╔══
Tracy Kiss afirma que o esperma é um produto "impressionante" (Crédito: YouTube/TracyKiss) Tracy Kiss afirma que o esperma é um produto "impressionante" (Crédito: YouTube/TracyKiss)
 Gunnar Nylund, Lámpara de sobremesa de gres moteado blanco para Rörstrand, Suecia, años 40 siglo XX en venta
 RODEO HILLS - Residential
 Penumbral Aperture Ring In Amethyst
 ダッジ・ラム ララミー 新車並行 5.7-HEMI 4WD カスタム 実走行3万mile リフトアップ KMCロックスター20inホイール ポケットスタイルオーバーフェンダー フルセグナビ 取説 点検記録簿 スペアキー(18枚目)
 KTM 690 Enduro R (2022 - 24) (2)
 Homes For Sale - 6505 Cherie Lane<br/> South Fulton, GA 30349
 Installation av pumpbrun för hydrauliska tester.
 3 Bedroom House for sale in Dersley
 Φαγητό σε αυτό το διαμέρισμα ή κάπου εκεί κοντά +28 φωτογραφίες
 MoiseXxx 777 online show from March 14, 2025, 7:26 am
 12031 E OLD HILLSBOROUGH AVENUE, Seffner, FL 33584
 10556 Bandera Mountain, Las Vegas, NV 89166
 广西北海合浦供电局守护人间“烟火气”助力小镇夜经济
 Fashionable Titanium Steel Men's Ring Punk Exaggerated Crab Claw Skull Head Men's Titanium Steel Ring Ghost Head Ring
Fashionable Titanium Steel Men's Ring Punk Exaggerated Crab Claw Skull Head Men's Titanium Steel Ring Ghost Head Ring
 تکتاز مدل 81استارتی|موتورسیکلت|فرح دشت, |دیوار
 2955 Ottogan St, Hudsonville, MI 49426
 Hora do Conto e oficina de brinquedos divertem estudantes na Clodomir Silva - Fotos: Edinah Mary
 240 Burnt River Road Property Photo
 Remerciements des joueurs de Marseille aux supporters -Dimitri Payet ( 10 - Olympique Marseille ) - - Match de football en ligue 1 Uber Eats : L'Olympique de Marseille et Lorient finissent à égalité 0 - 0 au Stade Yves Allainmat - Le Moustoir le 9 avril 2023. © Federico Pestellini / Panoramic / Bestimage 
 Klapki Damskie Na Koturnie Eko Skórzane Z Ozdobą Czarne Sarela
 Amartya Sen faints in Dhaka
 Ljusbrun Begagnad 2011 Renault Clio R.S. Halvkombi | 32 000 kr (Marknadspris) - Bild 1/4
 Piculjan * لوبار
╚══
● EXERCISE BRIEF
Match on "Skull": copy every line in the records that has it.

● EXPECTED ANSWER
 Fashionable Titanium Steel Men's Ring Punk Exaggerated Crab Claw Skull Head Men's Titanium Steel Ring Ghost Head Ring
Fashionable Titanium Steel Men's Ring Punk Exaggerated Crab Claw Skull Head Men's Titanium Steel Ring Ghost Head Ring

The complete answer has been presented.